Start of SUPPLIED MATERIAL

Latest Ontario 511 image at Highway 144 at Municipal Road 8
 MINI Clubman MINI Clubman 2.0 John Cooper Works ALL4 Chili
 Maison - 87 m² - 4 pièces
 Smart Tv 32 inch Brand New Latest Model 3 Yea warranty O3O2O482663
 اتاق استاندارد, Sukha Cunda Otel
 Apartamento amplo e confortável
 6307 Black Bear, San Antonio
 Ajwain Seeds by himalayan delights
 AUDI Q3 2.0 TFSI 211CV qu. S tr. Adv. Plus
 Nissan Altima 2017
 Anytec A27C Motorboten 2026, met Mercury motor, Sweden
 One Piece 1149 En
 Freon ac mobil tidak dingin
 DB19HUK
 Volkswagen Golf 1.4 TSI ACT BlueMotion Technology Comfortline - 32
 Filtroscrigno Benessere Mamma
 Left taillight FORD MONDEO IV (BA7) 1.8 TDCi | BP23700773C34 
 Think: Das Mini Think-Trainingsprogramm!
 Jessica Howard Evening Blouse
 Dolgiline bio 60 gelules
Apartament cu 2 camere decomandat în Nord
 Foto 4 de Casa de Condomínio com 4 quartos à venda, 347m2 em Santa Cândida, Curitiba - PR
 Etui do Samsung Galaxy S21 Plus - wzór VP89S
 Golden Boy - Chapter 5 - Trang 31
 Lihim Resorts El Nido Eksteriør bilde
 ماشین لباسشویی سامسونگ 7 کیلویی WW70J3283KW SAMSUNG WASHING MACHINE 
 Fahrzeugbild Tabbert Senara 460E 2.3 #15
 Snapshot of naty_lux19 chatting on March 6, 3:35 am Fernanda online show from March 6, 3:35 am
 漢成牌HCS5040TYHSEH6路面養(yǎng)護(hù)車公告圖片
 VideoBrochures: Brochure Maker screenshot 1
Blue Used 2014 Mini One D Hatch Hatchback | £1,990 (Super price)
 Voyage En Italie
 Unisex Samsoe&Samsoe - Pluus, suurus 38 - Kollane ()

End of SUPPLIED MATERIAL

* **WHAT YOU NEED TO DO**: Above are the records; please copy exactly their first line and each line after it through the line containing "Left taillight FORD", and no line after that.

* **EXERCISE OUTPUT**:
Latest Ontario 511 image at Highway 144 at Municipal Road 8
 MINI Clubman MINI Clubman 2.0 John Cooper Works ALL4 Chili
 Maison - 87 m² - 4 pièces
 Smart Tv 32 inch Brand New Latest Model 3 Yea warranty O3O2O482663
 اتاق استاندارد, Sukha Cunda Otel
 Apartamento amplo e confortável
 6307 Black Bear, San Antonio
 Ajwain Seeds by himalayan delights
 AUDI Q3 2.0 TFSI 211CV qu. S tr. Adv. Plus
 Nissan Altima 2017
 Anytec A27C Motorboten 2026, met Mercury motor, Sweden
 One Piece 1149 En
 Freon ac mobil tidak dingin
 DB19HUK
 Volkswagen Golf 1.4 TSI ACT BlueMotion Technology Comfortline - 32
 Filtroscrigno Benessere Mamma
 Left taillight FORD MONDEO IV (BA7) 1.8 TDCi | BP23700773C34 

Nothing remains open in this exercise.